October 4, 2018
At Samsara, we provide real-time data to our customers while ingesting millions of events per minute from thousands of connected devices. The software that powers this is thunder, an open-source GraphQL framework built in-house. Thunder consists of multiple parts, including a SQL generator called sqlgen
. This post covers how we added a feature to sqlgen
, the 33% increase in allocations and 66% memory increase that it resulted in, and how we returned to our baseline numbers following some optimizations.
sqlgen
is a lightweight pseudo-ORM that maps database tables to their Go representations and reduces boilerplate code. Before we dive into the feature we added or its design, let’s establish a base-level understanding of sqlgen
.
A given table and corresponding model:
CREATE TABLE users (
id BIGINT NOT NULL AUTO_INCREMENT PRIMARY KEY,
name VARCHAR(255)
);
type User struct {
ID int64 `sql:",primary"`
Name string
}
is represented in sqlgen
like this:
On the product infrastructure team, part of what we do is identify points of friction that prevent our engineering team from using good practices, and eliminate them. One such pattern we saw was using JSON blobs to store data in the database. sqlgen
didn’t have an easy way to do this, so people were forced to do something like this:
CREATE TABLE users (
id BIGINT NOT NULL AUTO_INCREMENT PRIMARY KEY,
name VARCHAR(255),
configuration JSON
);
type User struct {
ID int64 `sql:",primary"`
Name string
// The go struct representation of our data.

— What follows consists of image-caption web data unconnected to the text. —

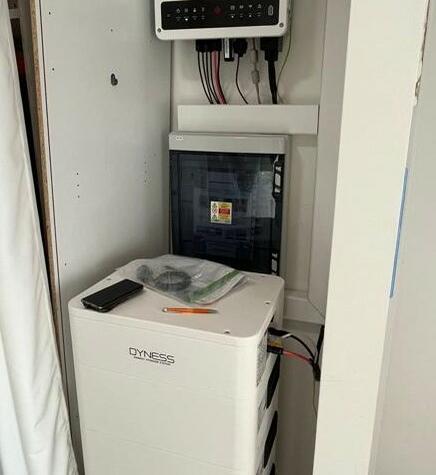 Reference: Fotovoltaická elektrárna s možností ukládání vyrobené energie do baterií - Herink 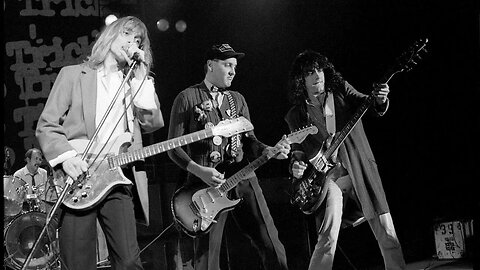 I Want You to Want Me ~ Cheap Trick ~ Live at Budokan ~ With Cool Real & Second Life Shuffle Dancers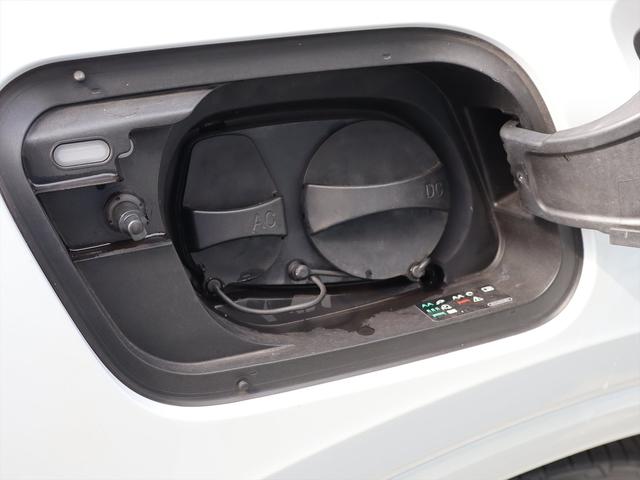 Ｑ４スポーツバック ｅ－トロン 　４０　ｅ－ｔｒｏｎＳ　ｌｉｎｅ　バンパーフルペイント　シートヒーター　ＡＴテール　アドバンストキー　ワイヤレスチャージ　パーシャルレザー　マトリクスＬＥＤ　アコースティックガラス（8枚目）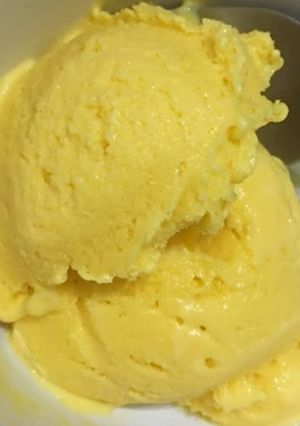 A picture of Mango ice cream.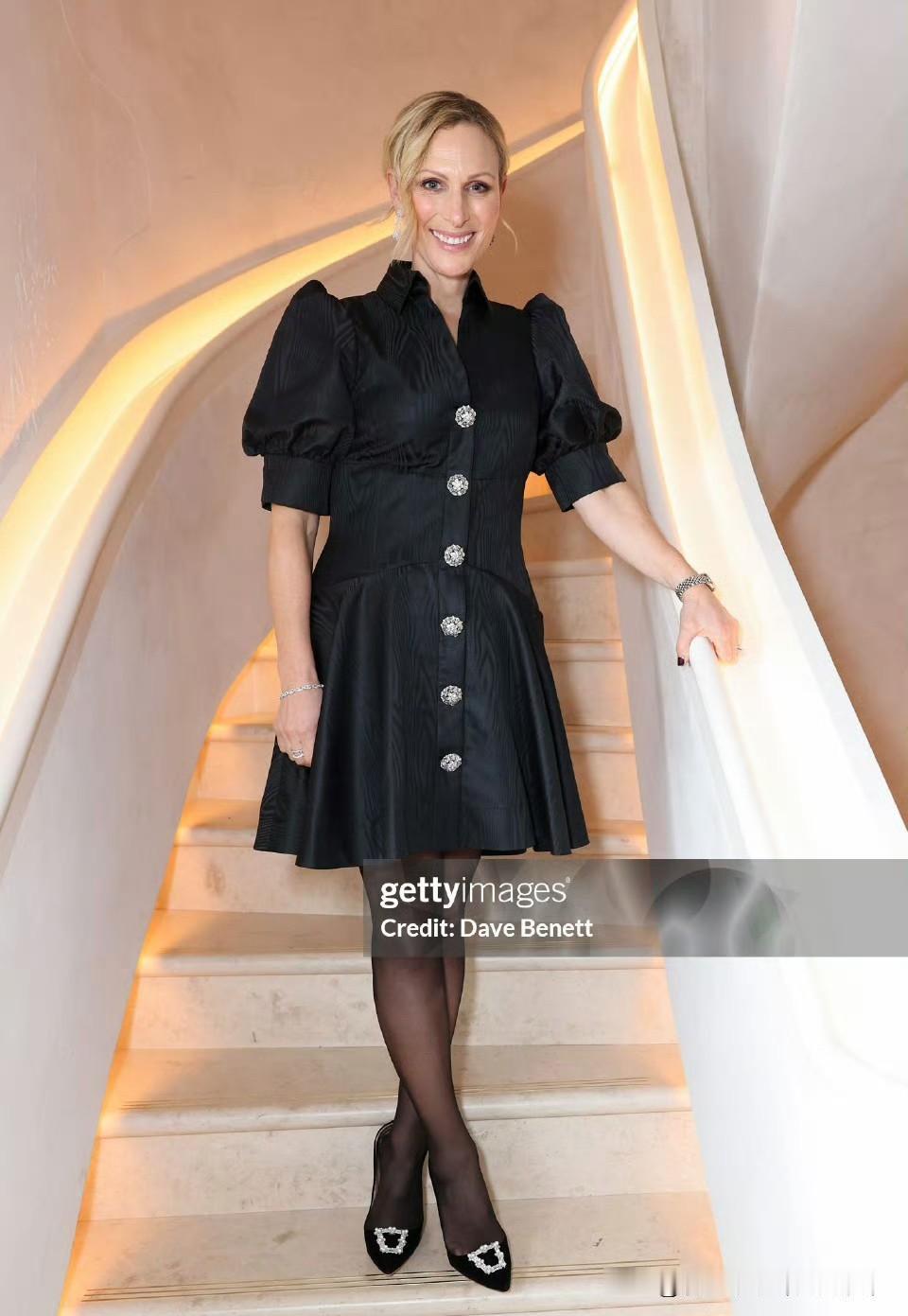 安妮公主的女儿扎拉廷德尔和丈夫参加品牌服装举办的鸡尾酒会，同场的还有已故王妃戴安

Configuration Configuration `sql:"-"`
// The JSON blob to be stored in and fetched from the database.
ConfigurationBlob []byte `graphql:"-" sql:"configuration"`
}
func (s *UserRepository) Update(ctx context.Context, u *User) error {
// Serialize the configuration struct into JSON
b, err := json.Marshal(u.Configuration)
if err != nil {
return err
}
// Set the blob to be saved to the database
u.ConfigurationBlob = b
return s.DB.Update(ctx, &u)
}
func (s *UserRepository) ById(ctx context.Context, id int64) (*User, error) {
var user *User
if err := s.DB.QueryRow(ctx, &user); err != nil {
return nil, err
}
// De-serialize the JSON from the database into the Go struct
if err := json.Unmarshal(user.ConfigurationBlob, &user.Configuration); err != nil {
return nil, err
}
return user, nil
}
As you can see, the simple act of encoding and decoding some configuration data added a second representation for the configuration, as well as an additional step on any read or write paths (in this case, Update
and ById
).
We instead wanted our API to be simple and to use one representation for data outside of the database. What we wanted was something like this:
type User struct {
ID int64 `sql:",primary"`
Name string
Configuration Configuration `sql:",json"`
}
func (s *UserRepository) Update(ctx context.Context, u *User) error {
return s.DB.Update(ctx, &u)
}
func (s *UserRepository) ById(ctx context.Context, id int64) (*User, error) {
var user *User
if err := s.DB.QueryRow(ctx, &user); err != nil {
return nil, err
}
return user, nil
}
To add JSON support in sqlgen
, we had to wrap our (de)serialization layers to allow for arbitrary transformations. Thankfully, Go’s sql
package has support for this.
In the statement below, there are two serialization directions being traveled:
Go → SQL (id
)
SQL → Go (name
)
id := 5
var name string
err := db.QueryRowContext(ctx, "SELECT name FROM users WHERE id = ?", id).Scan(&name)
Go → SQL
When id
is serialized into a SQL value by a SQL driver’s parameter converter, the driver will automatically handle conversion for driver.Values: int64, float64, bool, []byte, string and time.Time — as well as the driver.Valuer interface.
type Valuer interface {
Value() (driver.Value, error)
}
SQL → Go
Similarly, on the read path, Scan
supports pointer types to driver.Values, as well as a sql.Scanner interface.
type Scanner interface {
// the docs tell us that the src will be a valid driver.Value
Scan(src interface{}) error
}
Armed with this information, we now knew what interfaces to implement to handle JSON (de)serialization, as well as what types to work with!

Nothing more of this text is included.